Before I go any further today, I need to offer up the disclaimer that this post will not be read through after typing. You'll find out why as you read. Also, you likely will not see any posts from me until at least Tuesday if not Wednesday. I will be writing, I just won't have reliable access to the blog over the next few days, especially while Mickey and I are doing the hiking trip of many water fordings.
Today was the start of my Big Masculine Manly Adventure Summer. Because I knew my regular big road trip was going to be off this year because of E's entertainment needs and abilities, I decided that I'd do a lot of outdoorsy mini-trips to make up for it. That backpacking trip with Mickey is one, the other was to do some kayaking. Today was my first planned kayaking excursion. There was an organized paddle down the Altamaha River today and I thought this would be a good way to get a start on it. There were only about a dozen people and we ended up spreading out enough that I rarely saw any of the other paddlers for the entire 14 miles of the trip. With minimal breaks it took us from just before 10 a.m. until 3 p.m. to finish the route. Part of the problem is that the Altamaha is a very wide and slow-moving river so almost all of our speed came from the paddling. I also failed to comprehend the true affects of doing this on a day when the highs reached the mid 90s. Another problem is that K and I have never gone for more than three hours at a time before. A final problem is that it didn't cross my mind to reapply 50 spf sport sun block at any time during the paddle until it was too late.

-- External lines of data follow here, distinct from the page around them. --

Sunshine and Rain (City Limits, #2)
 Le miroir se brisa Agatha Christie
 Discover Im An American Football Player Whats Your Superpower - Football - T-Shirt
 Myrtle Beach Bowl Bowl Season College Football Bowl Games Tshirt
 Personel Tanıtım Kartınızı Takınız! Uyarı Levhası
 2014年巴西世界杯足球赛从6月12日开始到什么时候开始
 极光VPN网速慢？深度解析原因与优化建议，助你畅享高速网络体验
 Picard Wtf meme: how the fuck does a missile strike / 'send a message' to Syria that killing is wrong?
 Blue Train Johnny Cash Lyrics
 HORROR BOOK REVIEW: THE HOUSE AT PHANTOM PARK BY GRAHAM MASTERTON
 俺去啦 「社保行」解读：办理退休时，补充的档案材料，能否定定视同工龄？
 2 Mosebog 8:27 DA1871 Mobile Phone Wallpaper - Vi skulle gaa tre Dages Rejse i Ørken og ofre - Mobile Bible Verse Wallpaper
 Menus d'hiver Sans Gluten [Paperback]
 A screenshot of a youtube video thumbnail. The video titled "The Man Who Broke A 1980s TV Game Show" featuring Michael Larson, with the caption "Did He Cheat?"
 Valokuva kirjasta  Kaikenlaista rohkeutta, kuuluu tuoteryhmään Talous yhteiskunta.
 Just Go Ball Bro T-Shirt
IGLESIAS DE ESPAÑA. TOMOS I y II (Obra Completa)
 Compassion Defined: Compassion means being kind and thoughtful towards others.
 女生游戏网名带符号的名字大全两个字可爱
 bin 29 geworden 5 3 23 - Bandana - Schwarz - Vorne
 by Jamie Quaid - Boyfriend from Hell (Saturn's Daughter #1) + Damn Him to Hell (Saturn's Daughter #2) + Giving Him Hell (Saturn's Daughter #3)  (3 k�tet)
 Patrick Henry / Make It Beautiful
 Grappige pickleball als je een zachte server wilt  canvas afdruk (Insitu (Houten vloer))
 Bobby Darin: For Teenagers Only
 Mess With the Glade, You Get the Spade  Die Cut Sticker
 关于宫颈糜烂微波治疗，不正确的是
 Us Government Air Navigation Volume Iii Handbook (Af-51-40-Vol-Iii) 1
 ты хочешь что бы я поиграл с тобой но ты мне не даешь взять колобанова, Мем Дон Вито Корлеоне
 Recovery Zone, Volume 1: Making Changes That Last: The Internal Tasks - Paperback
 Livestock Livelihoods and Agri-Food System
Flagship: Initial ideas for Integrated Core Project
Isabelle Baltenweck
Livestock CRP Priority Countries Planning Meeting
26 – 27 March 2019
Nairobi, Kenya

The results? Not so pretty. My shoulders and arms are killing me. That's perhaps from bad form with the paddles; I know you're supposed to use the torso, but the worst pain is actually in my forearms from the muscles that kept my fingers closed over the shaft. If we'd only stayed out for half the time, I would have been ok. I didn't start getting tired until the last hour of the trip. That's not a big deal. I'll be in pain tomorrow, but it won't affect my hiking much on Monday and Tuesday. The second thing is that the heat from about noon on tired us out more quickly and made the last half of the trip a little less than enjoyable than it could have been. The last problem is that I ended the day burned. A product of all of those factors in some way or another. My arms will be fine. I won't even feel the burn by the end of tomorrow or at least Monday morning. They've were conditioned nicely during tennis season and didn't lose too much of their protective tan. My lower legs on the other hand didn't have that benefit. My right ankle is rather burned at the moment. With the Solarcaine application, it doesn't bother me, but I am a bit worried how it'll stand up to shoe wearing and the hiking coming up in a couple of days. I'm not overly worried. A lot of times mild burns are gone overnight. This one might still be a little tender on Monday, but I'm thinking it's not so bad that it'll cause any major problems.
Other than that, K and I really enjoyed the trip. Despite both of us being in multiple forms of pain at the moment from the trip, we're both talking about taking a paddle of a different section of the river on the last Saturday of September. I'm thinking the weather should be a little nicer then. Probably in the high 70s to mid 80s. Nice.
Check back on Tuesday or Wednesday to see if I ruined Mickey's backpacking trip by whining about my immense discomfort for 24 hours straight.
K was the first one in the water and so got her picture taken first. Doesn't she look like she knows what she's doing? At this point, it's not quite 10 a.m and could almost be described as cool, but not quite.
My knees before they were burned. If you look very carefully you can see the only bridge we passed under during the 14 miles of the trip.
K paddling again, this time with part of the nuclear power plant in the background.
This is the closest it gets to a traffic jam on this part of the river. There were probably five boats total on this little stretch just downstream from the nuclear power plant. We never saw more than a single boat at a time after this.
This is one of several species of freshwater mussel in the river. This one was large enough to cover most of my palm (not counting fingers) and spit at me when I picked it up. There were a ton of these in the river along with a darker variety. I really wonder what they'd taste like. I've never heard of anyone eating them.
This happens sometimes when the river changes course. This tree used to be on solid ground, but the river decided to cut a corner and all of the sudden eroded the bank it had taken root in. Before too long it'll be another tree lying submerged in the river.